I social l’hanno bocciato senza appello e si sono letteralmente scatenati nelle critiche negative, ma il monologo che la giornalista Barbara Palombelli ha dedicato alle donne durante la quarta serata del Festival di Sanremo è qualcosa che dovrebbe farci profondamente riflettere.

Quel monologo confuso sul gender gap

Secondo Aristotele la sostanza è formata da una materia e da una forma che, operando insieme, costituiscono il sìnolo. Quindi la forma si configura come atto, mentre alla potenza corrisponde la materia. Il bronzo è potenza della statua, dunque. E se le parole sono potenza del pensiero, viene da un lato da chiedersi quale sia esattamente il pensiero che ha ispirato le parole di Palombelli.

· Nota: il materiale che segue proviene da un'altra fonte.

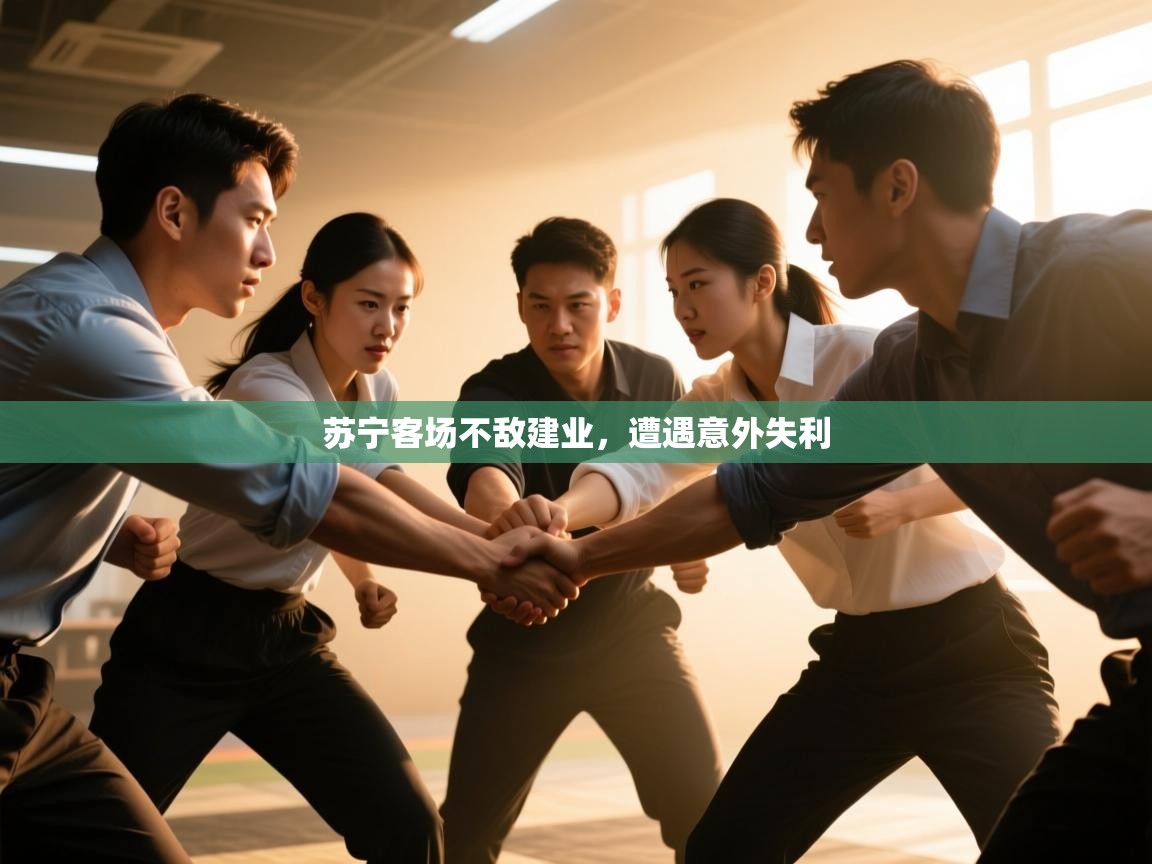 苏宁客场不敌建业,遭遇意外失利 第1张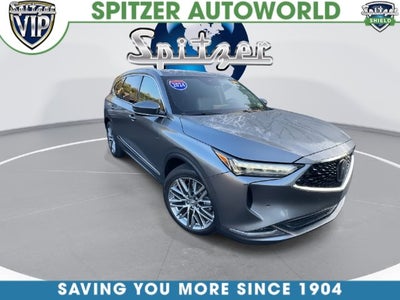 2024 Acura MDX Advance SH-AWD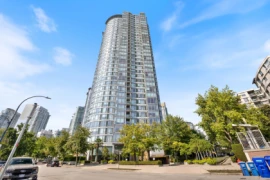 1901 1033 Marinaside Crescent, Vancouver, BC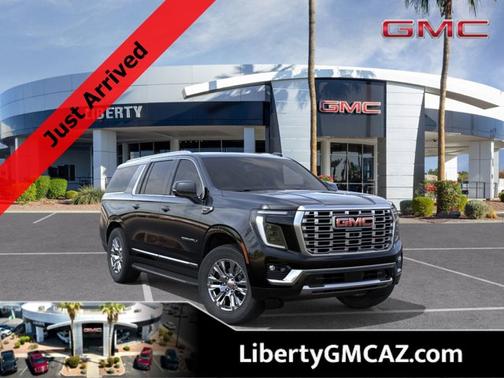 2025 GMC Yukon XL Denali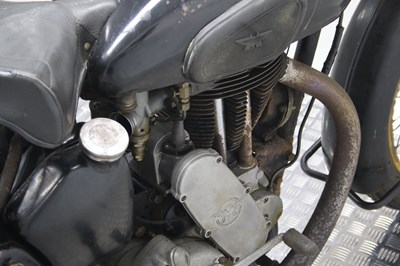 Lot 47 - 1950 Matchless G80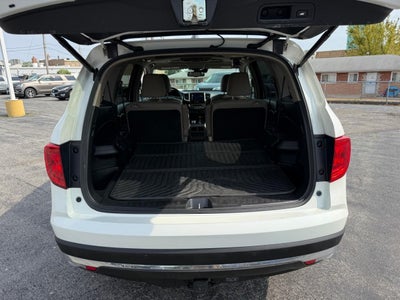 2017 Honda Pilot Elite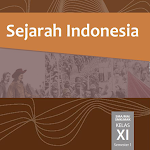 Cover Image of Download Sejarah 11 Kurikulum 2013  APK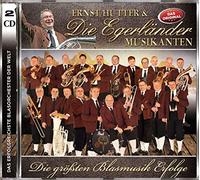 Hutter,Ernst & die Egerländer Musikanten - Die Größten Blasmusikerfolge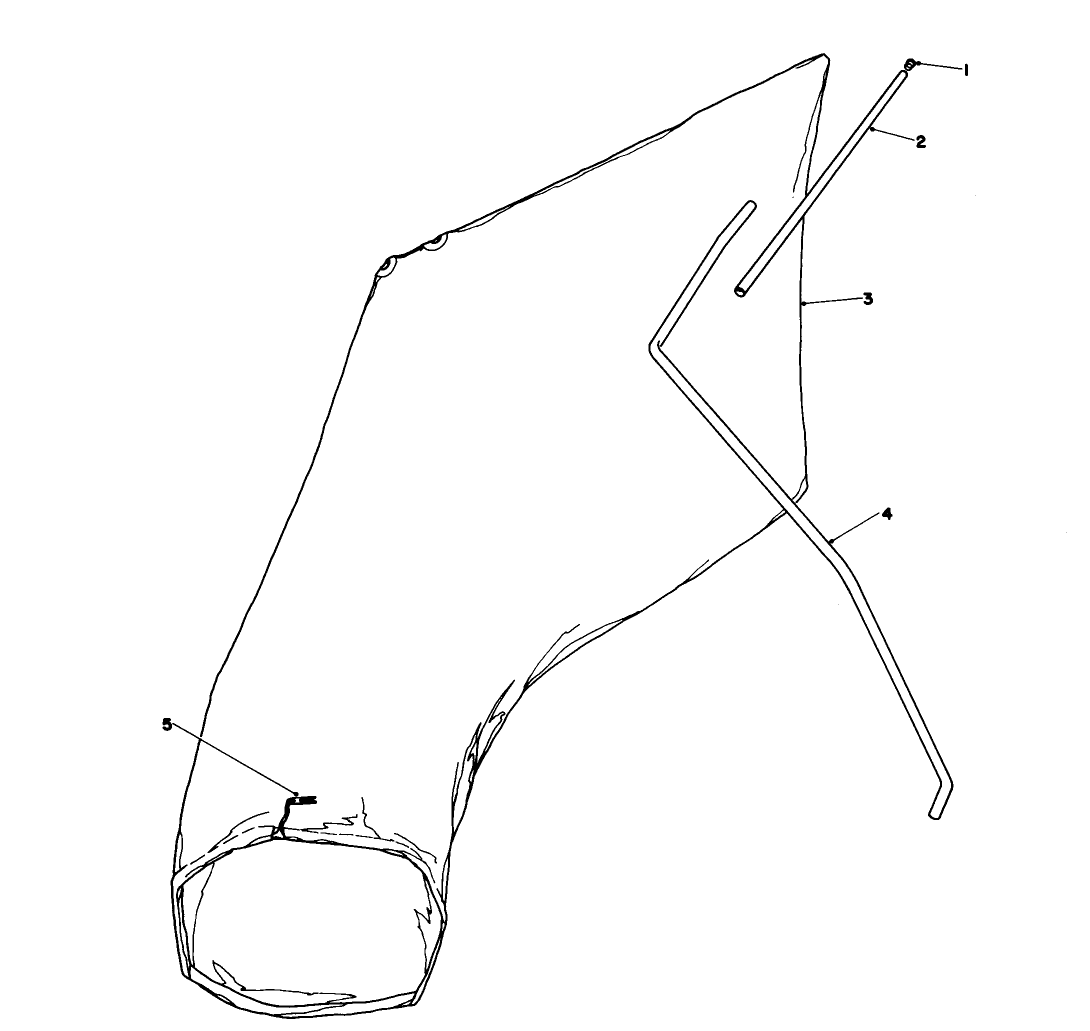 Giant Bagging Kit No. 29-9750 (optional)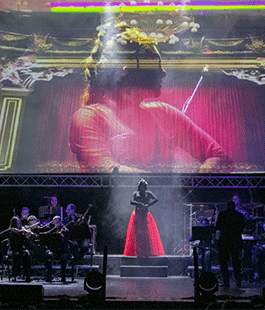 "Queen At The Opera", show rock-sinfonico con 40 musicisti al Tuscany Hall di Firenze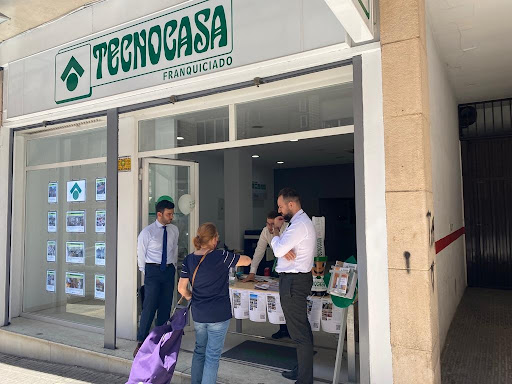Tecnocasa agencia inmobiliaria
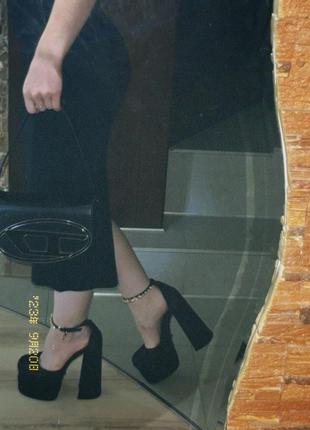 Туфлі брац versace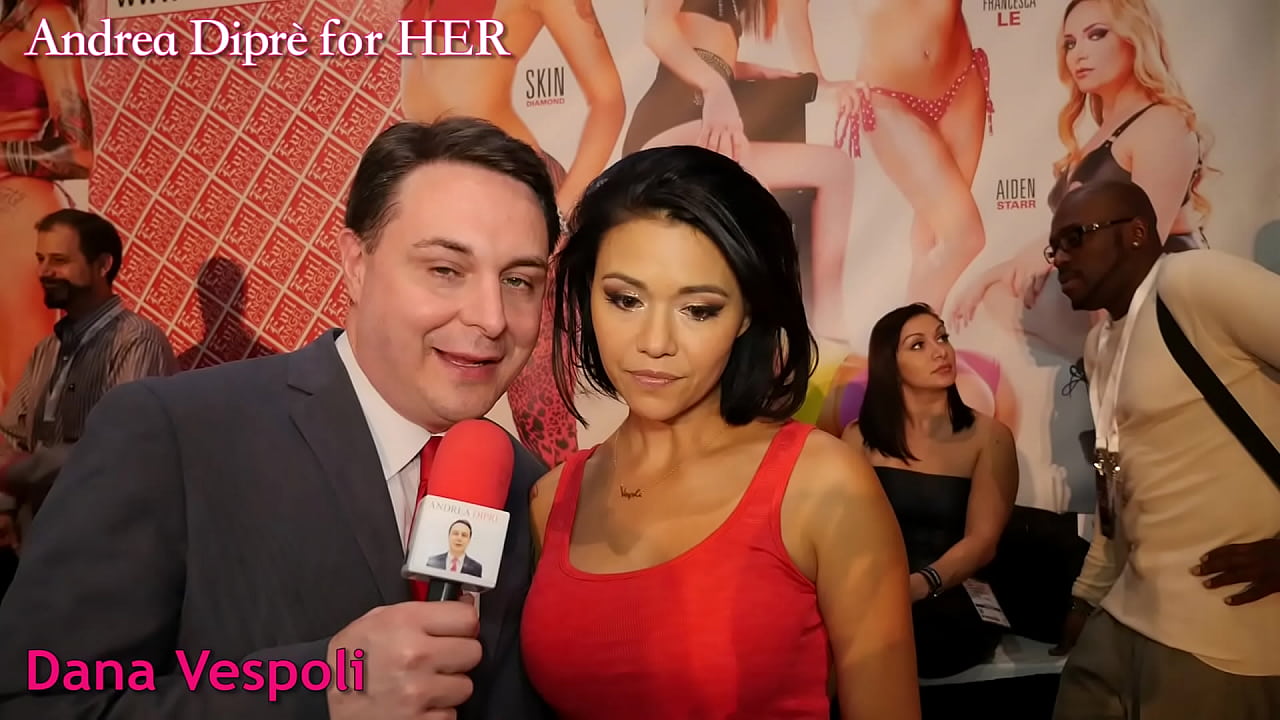 Andrea Dipr&egrave; for HER - Dana Vespoli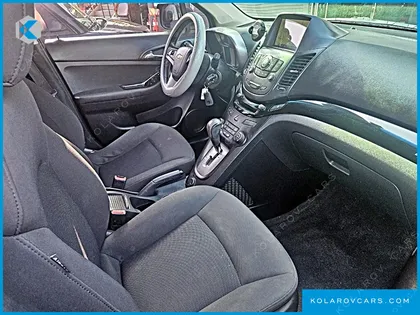 CHEVROLET (GM DAEWOO) ORLANDO LPG LT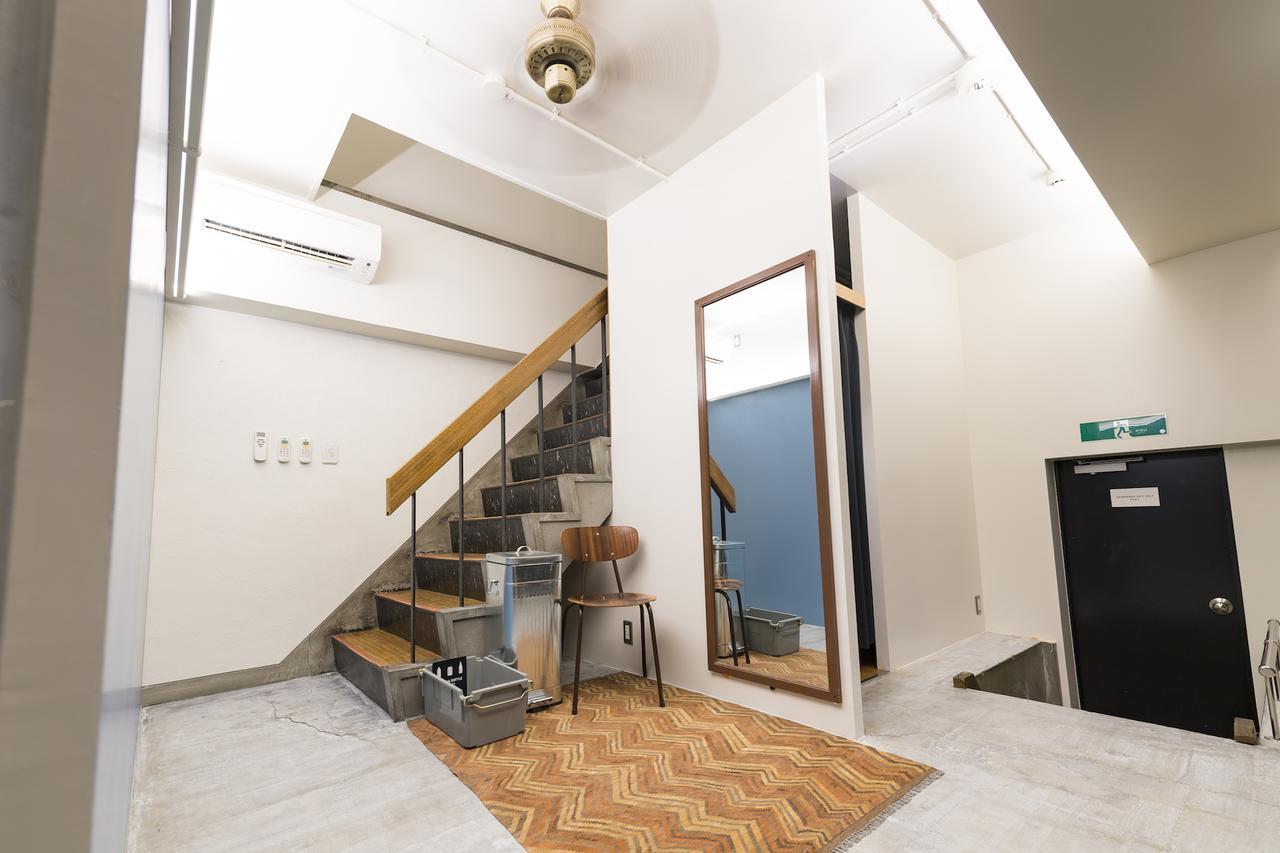 Hostel 64 Ōsaka Eksteriør bilde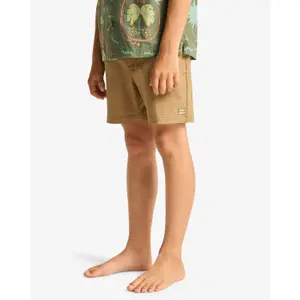 Short Child Billabong Crossfire Solid 15" image-2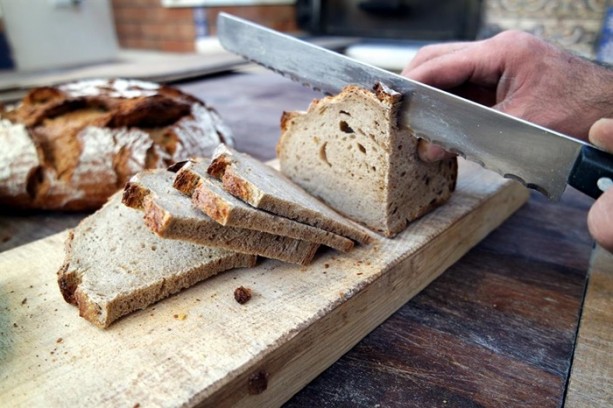 Foto - Bu ekmek bayatlamıyor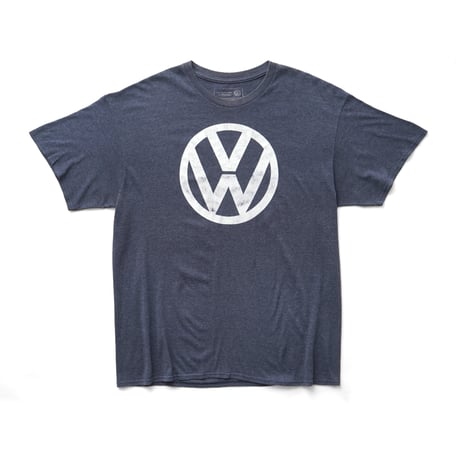 Volkswagen / Roundel Logo S/S Tee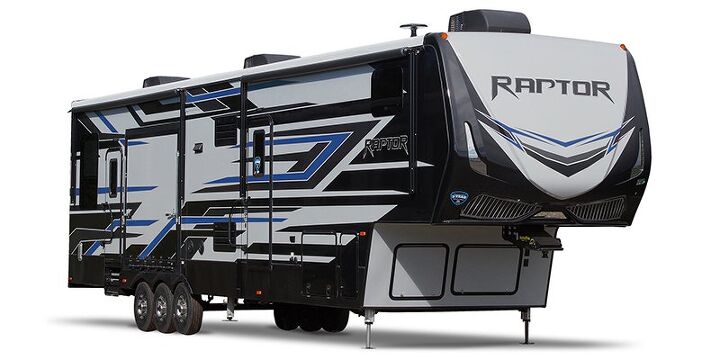 2020 Keystone RV Raptor 428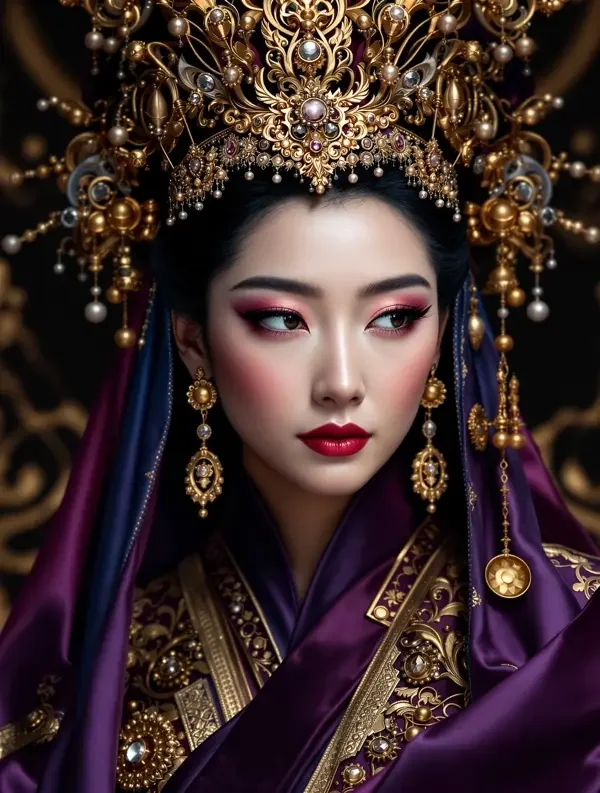 穿越成了贵妃 在线观看 - 爱看剧 穿越成了贵妃 封面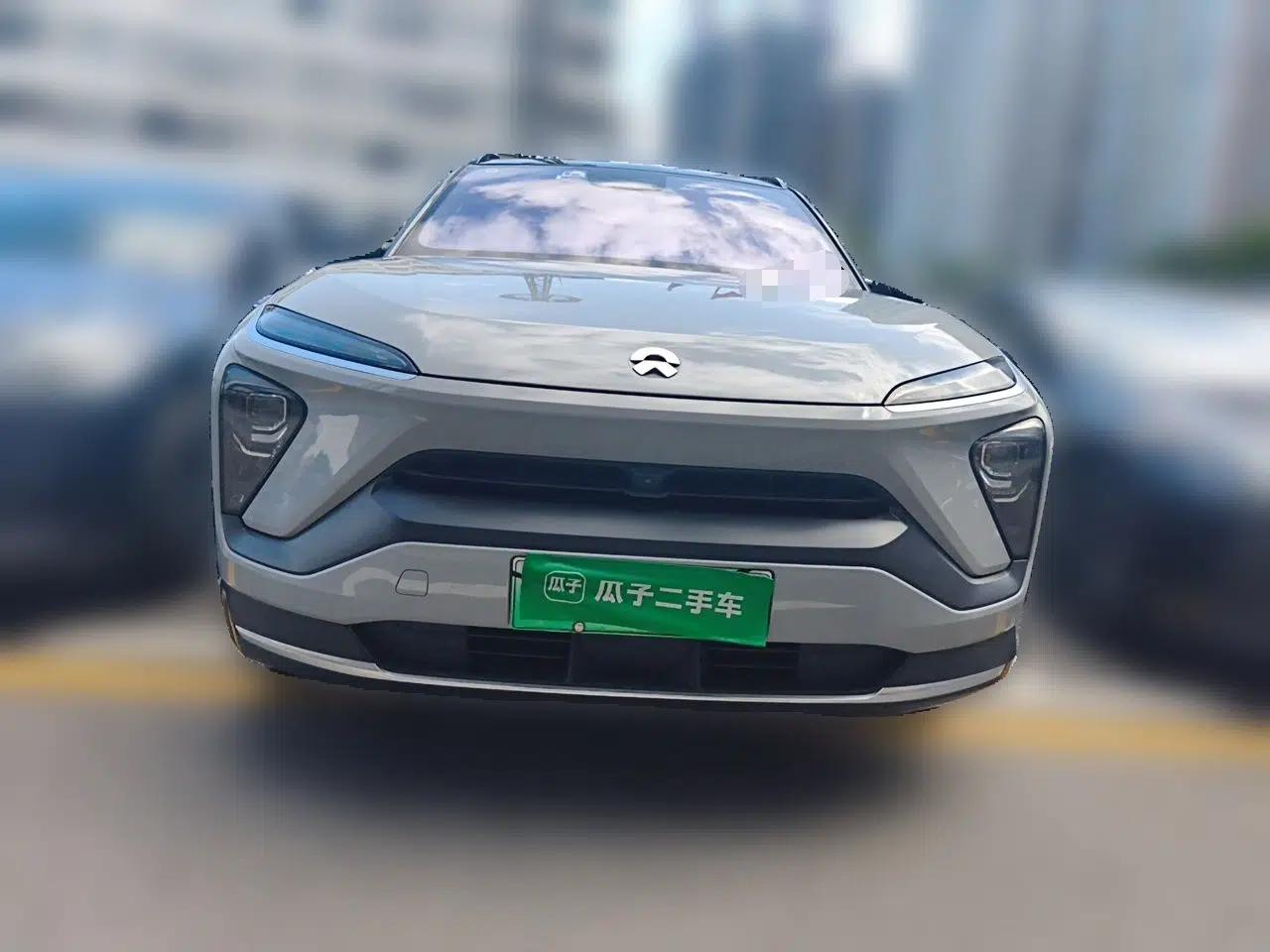 Nio ES6 2020 430KM Performance Version — миниатюра 2
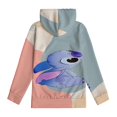 thumbnail image 4 of Stitch Hoodie with Pocket Cartoon Anime for Boys Girls Teens Gift, 4 of 6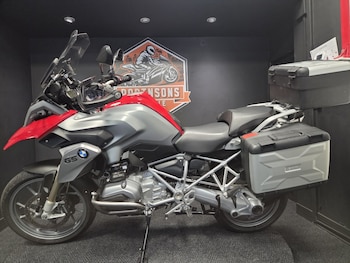 Used BMW R 1200 GS 2013 for sale - bike-77869305: Photo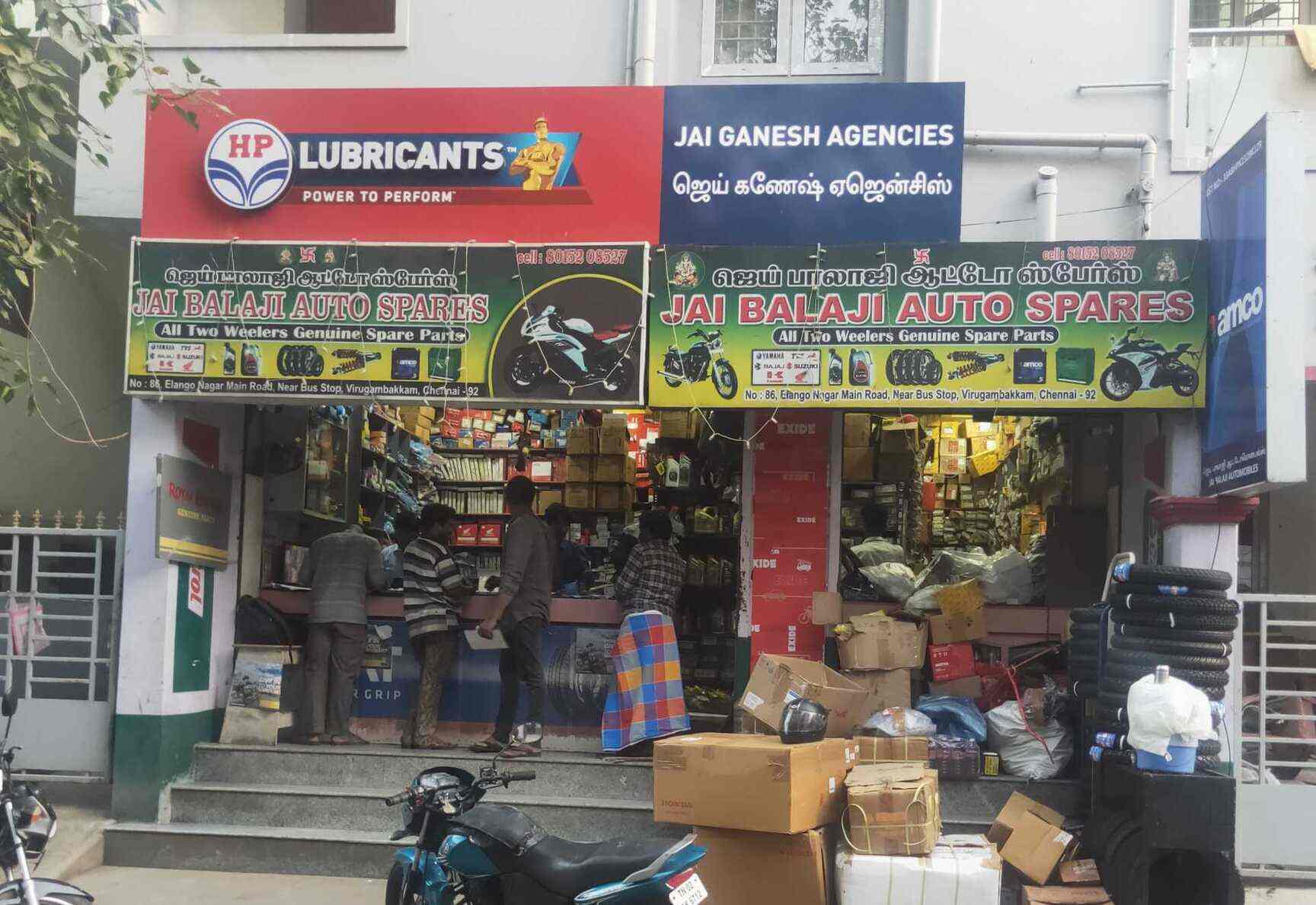 Mahindra Spare Parts Dealer In Chennai Reviewmotors.co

Dall’altro, quali siano stati i criteri che hanno spinto la televisione pubblica ad affidare una riflessione collettiva importante, come quella sul gender gap, alle parole sciatte e confuse pronunciate l’altra sera dalla giornalista sul seguitissimo palco dell’Ariston.

«È una serata speciale che voglio dedicare a tutte le donne italiane, alle mamme, alle nonne perché hanno un compito delicato, quello di tenere il Paese, perché tengono la scuole aperte attraverso i tablet, tengono le famiglie tranquille, accudiscono», esordisce Palombelli nel suo monologo sanremese.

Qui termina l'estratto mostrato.